Ivan Passer’s Crime and Passion shares some distinct similarities with his following film Silver Bears -they're both set in the world of European finance, with a risk-taking protagonist facing off against better equipped forces, sharing a pragmatic view of sexual relations. It would be tempting to say that Silver Bears, a far more conventionally unified and easy-to-take entertainment, represents “getting it right,” casting Crime and Passion as something of a failed dry run. But the film’s failure is rather sadder than that, for its hints of a darker, more transgressive vision that just got away. It’s evident at the start, depicting how Omar Sharif’s financier protagonist, Andre Ferren, is sexually excited (to the point of utter recklessness) at the prospect of financial disgrace, shortly afterwards conniving with his girlfriend and co-worker (Karen Black) to have her marry their richest client, for which they fatten her up on pastries to make her more to the client’s liking.

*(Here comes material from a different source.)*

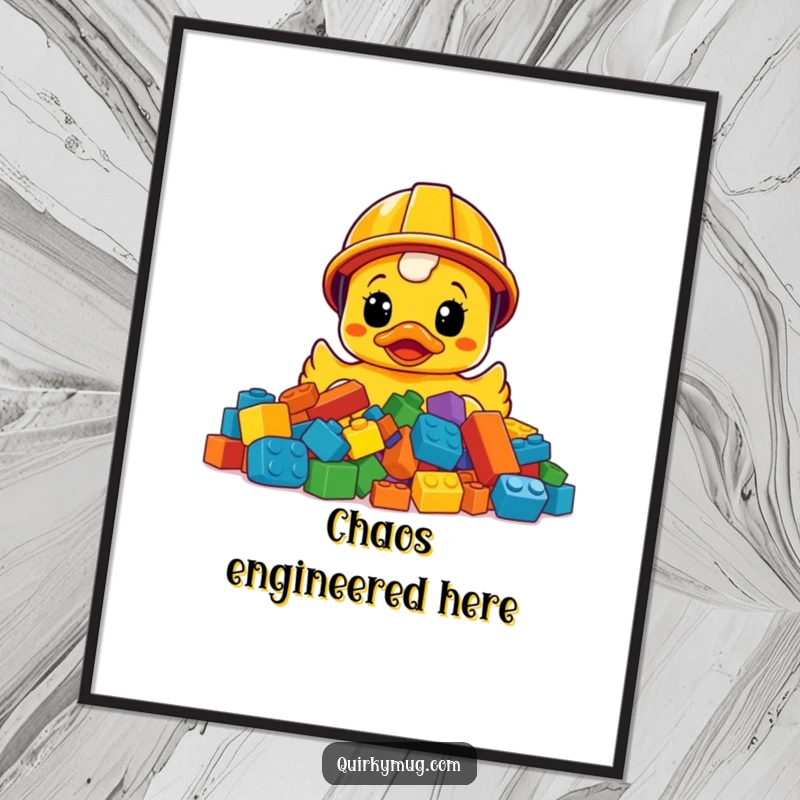 Funny surprised rubber ducky in construction helmet bewildered by LEGO bricks, instant humorous digital art.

But from the outset, the premise never bites as it should, not helped by the casting, or by the constant sense of being marooned in unproductively pretty settings. Actually, large parts of the film – such as Ferren narrowly escaping from improbable assassins including a man on skis and an overweight masseuse, or the later goings on in a supposedly haunted castle – bring to mind the second-wave Pink Panther films of the same period, although its interest in obsessive surveillance and voyeurism connects more deeply, and the ending – in which the characters nihilistically submit to desire but then are saved through a chilling twist of fate – evokes what might have been. Passer presumably intended his film to be more fully defined by a sense of risk and freedom, of psychologically and narratively living on the edge, and as such its failure at least somewhat reflects Ferren’s likely nightmare, the bankrupting results of cravenly hedging one’s bets.